#### Brief:
Nothing but a verbatim copy of the data, minus the images, should be returned.

Provided entries below:

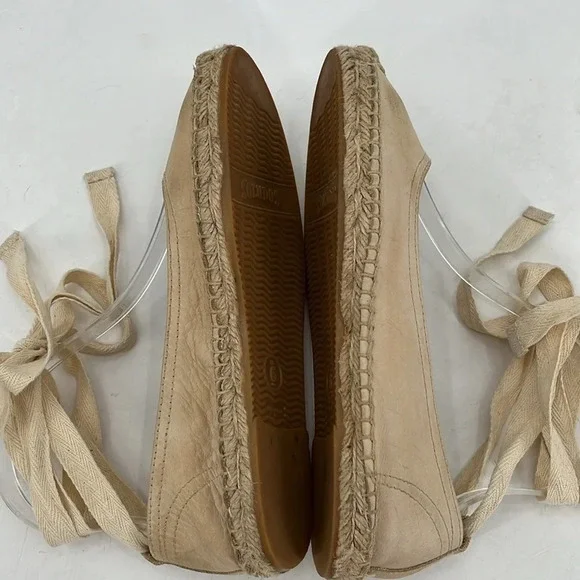 Soludos Leather Lace Up Espadrille Ballet Flats in Tan - Size 6 - Picture 5 of 11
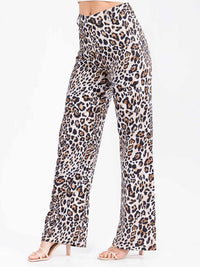 WOMEN'S BUTTON CLOSURE BACK POCKETS WIDE LEG ANIMAL PRINT PANTS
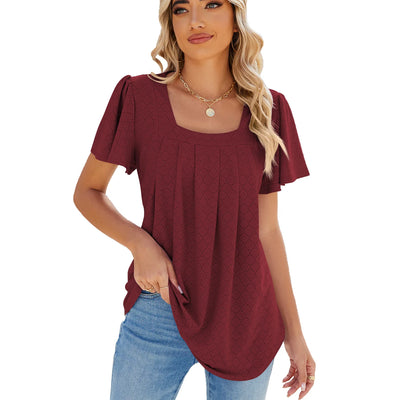 Pure Color Square Collar Wrinkled Short Sleeved Loose T-Shirt Blouse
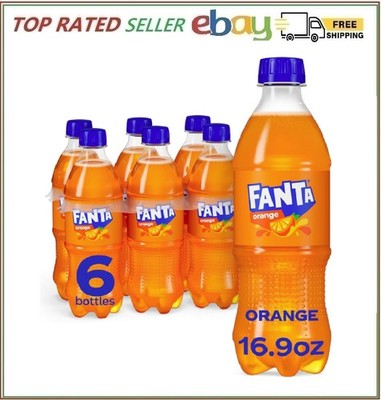 Fanta Orange Soda flavored soft Drink, 16.9 Fl Oz, Pack of 6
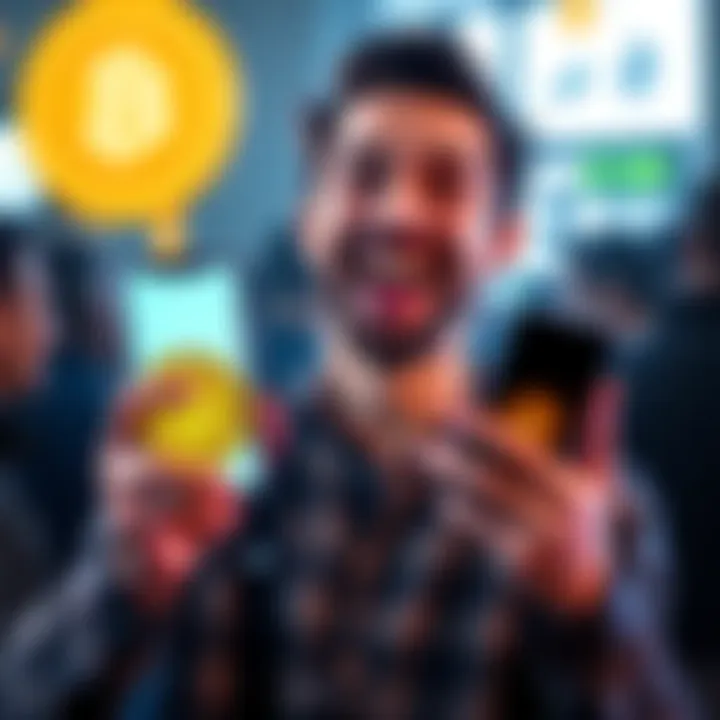 A person celebrating after buying their first Bitcoin, showing a smile and holding a smartphone with a Bitcoin logo on the screen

End of Provided entries.

#### Expected answer:
 Soludos Leather Lace Up Espadrille Ballet Flats in Tan - Size 6 - Picture 5 of 11
 WOMEN'S BUTTON CLOSURE BACK POCKETS WIDE LEG ANIMAL PRINT PANTS
 Pure Color Square Collar Wrinkled Short Sleeved Loose T-Shirt Blouse
 Fanta Orange Soda flavored soft Drink, 16.9 Fl Oz, Pack of 6
 A person celebrating after buying their first Bitcoin, showing a smile and holding a smartphone with a Bitcoin logo on the screen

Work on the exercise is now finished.